What you will do: What you return must match the listing exactly, with every image removed.
----- Collected material
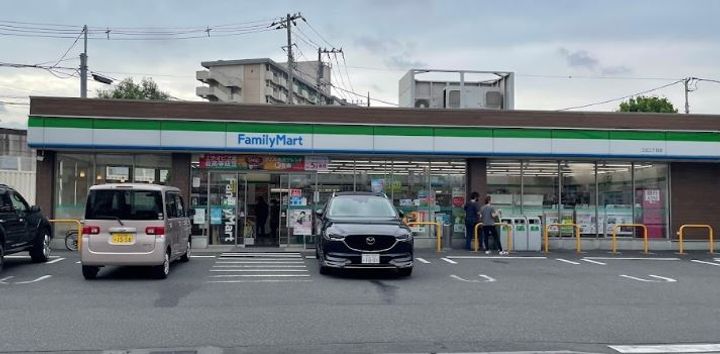 東京都足立区扇2(マンション)の賃貸物件の周辺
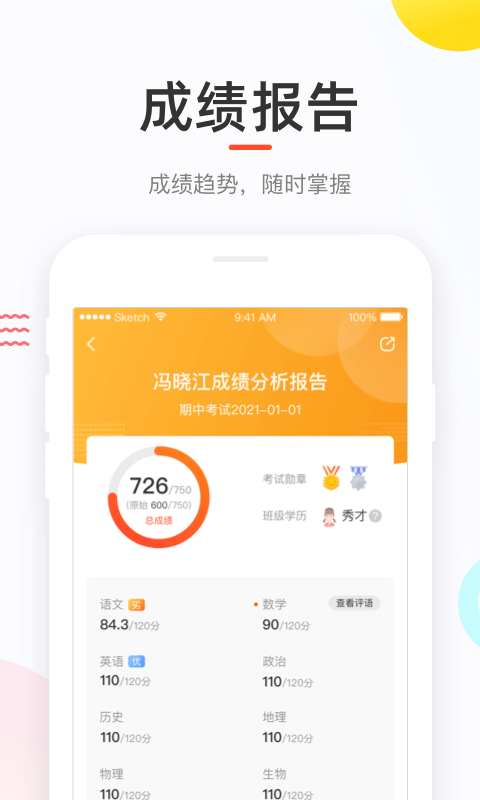 好分数v4.31.23截图3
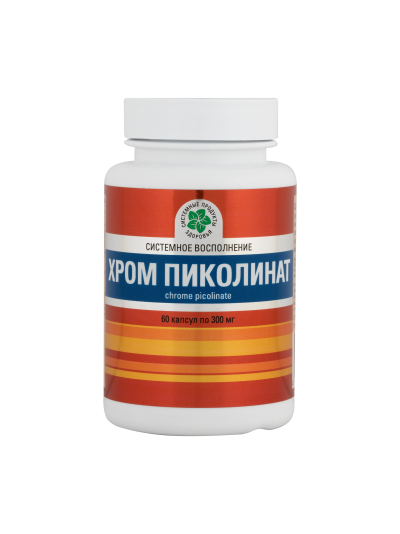 Хром Пиколинат, 60 капсул
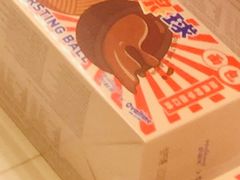 阿华田爆浆球-好利来(欧尚广场店)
----------
Completed task:
 東京都足立区扇2(マンション)の賃貸物件の周辺
 好分数v4.31.23截图3
 Хром Пиколинат, 60 капсул
 阿华田爆浆球-好利来(欧尚广场店)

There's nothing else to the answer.